--- DATA TO USE Enclosed Below ---
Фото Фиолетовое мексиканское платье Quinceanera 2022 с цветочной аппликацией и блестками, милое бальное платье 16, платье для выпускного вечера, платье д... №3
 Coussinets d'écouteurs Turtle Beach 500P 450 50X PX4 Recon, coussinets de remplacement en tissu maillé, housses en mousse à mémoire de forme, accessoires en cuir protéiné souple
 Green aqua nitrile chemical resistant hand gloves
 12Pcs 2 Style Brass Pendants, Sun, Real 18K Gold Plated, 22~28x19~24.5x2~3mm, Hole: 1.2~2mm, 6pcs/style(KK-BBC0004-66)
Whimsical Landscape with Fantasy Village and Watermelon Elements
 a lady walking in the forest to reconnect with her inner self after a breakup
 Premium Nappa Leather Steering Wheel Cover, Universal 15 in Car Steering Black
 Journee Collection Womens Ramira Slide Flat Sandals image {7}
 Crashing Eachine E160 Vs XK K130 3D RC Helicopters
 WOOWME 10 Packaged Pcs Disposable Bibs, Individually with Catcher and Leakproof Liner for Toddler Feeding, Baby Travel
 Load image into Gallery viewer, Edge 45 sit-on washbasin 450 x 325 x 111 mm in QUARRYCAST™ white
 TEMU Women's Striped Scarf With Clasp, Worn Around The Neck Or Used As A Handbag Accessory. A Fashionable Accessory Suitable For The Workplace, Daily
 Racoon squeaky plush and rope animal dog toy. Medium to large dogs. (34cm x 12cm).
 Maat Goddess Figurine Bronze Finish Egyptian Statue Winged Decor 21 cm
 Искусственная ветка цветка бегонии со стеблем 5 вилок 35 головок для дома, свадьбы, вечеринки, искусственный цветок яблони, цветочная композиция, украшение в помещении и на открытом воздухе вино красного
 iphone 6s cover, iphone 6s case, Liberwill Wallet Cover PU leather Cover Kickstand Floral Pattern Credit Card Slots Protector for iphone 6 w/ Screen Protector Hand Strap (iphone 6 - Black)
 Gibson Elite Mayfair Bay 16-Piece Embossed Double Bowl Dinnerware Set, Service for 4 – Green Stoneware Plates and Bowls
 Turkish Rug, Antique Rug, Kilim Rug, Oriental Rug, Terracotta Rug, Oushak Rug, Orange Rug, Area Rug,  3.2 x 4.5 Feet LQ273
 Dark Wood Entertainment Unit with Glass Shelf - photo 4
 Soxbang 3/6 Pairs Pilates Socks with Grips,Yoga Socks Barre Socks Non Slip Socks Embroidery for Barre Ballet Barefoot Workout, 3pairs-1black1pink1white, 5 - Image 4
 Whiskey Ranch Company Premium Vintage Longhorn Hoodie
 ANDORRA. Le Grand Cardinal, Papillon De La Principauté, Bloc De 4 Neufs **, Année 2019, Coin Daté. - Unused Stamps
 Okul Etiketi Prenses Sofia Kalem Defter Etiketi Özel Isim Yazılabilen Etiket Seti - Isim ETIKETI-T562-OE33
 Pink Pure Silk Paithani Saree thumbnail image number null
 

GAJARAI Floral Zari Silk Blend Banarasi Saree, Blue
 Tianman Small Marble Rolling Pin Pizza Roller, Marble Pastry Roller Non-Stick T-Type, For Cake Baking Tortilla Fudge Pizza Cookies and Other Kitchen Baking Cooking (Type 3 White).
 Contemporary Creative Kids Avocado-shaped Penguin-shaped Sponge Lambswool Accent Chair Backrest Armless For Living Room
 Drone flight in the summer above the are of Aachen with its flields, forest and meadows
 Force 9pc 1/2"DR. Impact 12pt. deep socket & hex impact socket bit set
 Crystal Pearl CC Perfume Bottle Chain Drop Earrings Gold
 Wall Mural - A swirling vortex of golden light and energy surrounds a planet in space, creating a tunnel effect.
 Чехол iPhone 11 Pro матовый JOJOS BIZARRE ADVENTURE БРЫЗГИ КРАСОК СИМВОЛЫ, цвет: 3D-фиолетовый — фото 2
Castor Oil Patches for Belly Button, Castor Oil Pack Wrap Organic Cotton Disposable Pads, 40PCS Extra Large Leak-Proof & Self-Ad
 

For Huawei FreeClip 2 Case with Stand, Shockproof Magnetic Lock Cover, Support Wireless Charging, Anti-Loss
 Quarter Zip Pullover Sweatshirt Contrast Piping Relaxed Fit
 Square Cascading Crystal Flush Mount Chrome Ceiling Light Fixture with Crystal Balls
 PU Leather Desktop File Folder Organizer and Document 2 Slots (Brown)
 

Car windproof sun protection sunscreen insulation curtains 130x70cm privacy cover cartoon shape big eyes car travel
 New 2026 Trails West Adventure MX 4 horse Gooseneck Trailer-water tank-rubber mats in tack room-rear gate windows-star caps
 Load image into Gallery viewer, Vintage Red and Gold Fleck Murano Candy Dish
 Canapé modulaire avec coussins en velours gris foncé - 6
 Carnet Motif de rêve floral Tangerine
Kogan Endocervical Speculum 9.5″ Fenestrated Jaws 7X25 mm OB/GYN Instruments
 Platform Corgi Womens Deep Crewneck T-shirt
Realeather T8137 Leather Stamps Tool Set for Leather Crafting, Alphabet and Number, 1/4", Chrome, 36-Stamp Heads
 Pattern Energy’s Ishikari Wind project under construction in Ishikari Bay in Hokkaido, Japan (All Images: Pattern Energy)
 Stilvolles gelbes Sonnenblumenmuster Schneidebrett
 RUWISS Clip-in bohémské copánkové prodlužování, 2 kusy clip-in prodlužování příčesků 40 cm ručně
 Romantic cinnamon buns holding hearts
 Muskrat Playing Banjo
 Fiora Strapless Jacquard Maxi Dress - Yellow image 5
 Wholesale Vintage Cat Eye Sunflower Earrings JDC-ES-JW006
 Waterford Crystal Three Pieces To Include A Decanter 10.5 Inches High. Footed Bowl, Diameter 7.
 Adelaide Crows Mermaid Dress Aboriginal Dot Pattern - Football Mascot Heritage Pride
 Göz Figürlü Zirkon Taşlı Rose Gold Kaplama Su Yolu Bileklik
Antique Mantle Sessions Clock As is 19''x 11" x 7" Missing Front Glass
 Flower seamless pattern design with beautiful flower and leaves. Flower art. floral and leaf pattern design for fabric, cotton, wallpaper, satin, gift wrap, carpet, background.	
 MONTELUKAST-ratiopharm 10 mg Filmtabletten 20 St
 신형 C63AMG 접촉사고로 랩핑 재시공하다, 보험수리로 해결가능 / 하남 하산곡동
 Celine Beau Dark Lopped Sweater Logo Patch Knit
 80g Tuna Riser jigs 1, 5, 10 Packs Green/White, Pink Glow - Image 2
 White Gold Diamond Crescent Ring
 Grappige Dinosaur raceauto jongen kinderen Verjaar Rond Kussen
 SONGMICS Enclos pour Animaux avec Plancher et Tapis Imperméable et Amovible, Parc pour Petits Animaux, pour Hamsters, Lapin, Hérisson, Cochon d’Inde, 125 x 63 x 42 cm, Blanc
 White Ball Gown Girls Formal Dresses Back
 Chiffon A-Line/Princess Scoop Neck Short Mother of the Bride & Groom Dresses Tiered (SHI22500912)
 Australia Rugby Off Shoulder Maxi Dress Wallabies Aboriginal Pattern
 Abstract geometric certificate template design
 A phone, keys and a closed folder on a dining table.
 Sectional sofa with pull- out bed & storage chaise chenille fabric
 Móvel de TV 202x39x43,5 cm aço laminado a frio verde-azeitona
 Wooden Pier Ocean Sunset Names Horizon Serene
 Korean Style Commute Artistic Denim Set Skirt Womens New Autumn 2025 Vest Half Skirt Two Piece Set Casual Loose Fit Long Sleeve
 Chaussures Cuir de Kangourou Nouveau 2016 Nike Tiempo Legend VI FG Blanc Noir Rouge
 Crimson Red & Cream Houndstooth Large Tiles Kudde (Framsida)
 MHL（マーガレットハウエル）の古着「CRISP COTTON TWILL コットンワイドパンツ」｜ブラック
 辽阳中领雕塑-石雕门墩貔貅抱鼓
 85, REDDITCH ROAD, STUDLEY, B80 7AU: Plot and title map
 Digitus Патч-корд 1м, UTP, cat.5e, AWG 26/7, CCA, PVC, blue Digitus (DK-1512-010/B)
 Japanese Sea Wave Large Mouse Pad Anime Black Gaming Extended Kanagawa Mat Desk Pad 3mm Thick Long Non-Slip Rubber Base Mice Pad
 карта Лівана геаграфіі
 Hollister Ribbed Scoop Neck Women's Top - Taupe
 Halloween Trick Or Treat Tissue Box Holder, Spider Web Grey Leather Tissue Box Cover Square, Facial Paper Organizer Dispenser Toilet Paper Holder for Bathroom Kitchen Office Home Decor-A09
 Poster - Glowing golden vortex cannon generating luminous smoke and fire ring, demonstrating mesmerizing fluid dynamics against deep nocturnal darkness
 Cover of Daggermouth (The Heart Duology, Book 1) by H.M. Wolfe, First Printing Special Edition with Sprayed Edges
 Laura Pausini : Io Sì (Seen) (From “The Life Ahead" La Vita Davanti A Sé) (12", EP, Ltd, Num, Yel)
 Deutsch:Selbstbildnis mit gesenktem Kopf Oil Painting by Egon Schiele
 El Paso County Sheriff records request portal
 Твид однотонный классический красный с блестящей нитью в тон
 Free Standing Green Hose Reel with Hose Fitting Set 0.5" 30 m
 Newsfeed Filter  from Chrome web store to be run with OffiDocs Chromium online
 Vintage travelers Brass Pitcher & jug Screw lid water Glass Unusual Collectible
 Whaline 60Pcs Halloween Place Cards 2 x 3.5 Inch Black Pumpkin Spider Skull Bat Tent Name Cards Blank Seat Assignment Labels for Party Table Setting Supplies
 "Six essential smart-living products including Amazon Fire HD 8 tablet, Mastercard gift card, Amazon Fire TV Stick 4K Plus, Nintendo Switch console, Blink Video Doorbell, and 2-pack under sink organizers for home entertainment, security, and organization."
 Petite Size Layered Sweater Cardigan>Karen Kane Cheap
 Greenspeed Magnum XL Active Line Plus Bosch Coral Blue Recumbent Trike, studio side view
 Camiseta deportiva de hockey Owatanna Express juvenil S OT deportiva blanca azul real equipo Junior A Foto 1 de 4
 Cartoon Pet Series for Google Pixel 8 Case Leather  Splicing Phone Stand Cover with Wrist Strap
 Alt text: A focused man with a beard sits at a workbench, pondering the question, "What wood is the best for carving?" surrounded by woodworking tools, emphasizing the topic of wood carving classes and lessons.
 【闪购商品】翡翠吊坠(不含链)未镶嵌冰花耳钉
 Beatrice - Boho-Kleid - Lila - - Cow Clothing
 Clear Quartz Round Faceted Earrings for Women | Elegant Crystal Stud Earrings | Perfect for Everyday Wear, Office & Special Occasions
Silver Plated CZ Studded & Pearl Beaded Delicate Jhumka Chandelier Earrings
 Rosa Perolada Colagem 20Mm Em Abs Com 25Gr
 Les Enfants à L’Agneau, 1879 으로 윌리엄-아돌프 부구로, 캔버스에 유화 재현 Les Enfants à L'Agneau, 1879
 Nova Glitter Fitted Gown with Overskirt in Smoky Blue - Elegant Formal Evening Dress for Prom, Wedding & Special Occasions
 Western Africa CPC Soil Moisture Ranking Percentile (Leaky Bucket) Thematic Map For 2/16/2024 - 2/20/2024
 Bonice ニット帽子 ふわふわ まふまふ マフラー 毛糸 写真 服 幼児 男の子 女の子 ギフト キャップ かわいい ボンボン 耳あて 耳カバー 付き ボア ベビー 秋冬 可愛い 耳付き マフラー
--- End of Enclosed DATA TO USE ---
List each line of the records that holds the string "Decor".

 Maat Goddess Figurine Bronze Finish Egyptian Statue Winged Decor 21 cm
 Halloween Trick Or Treat Tissue Box Holder, Spider Web Grey Leather Tissue Box Cover Square, Facial Paper Organizer Dispenser Toilet Paper Holder for Bathroom Kitchen Office Home Decor-A09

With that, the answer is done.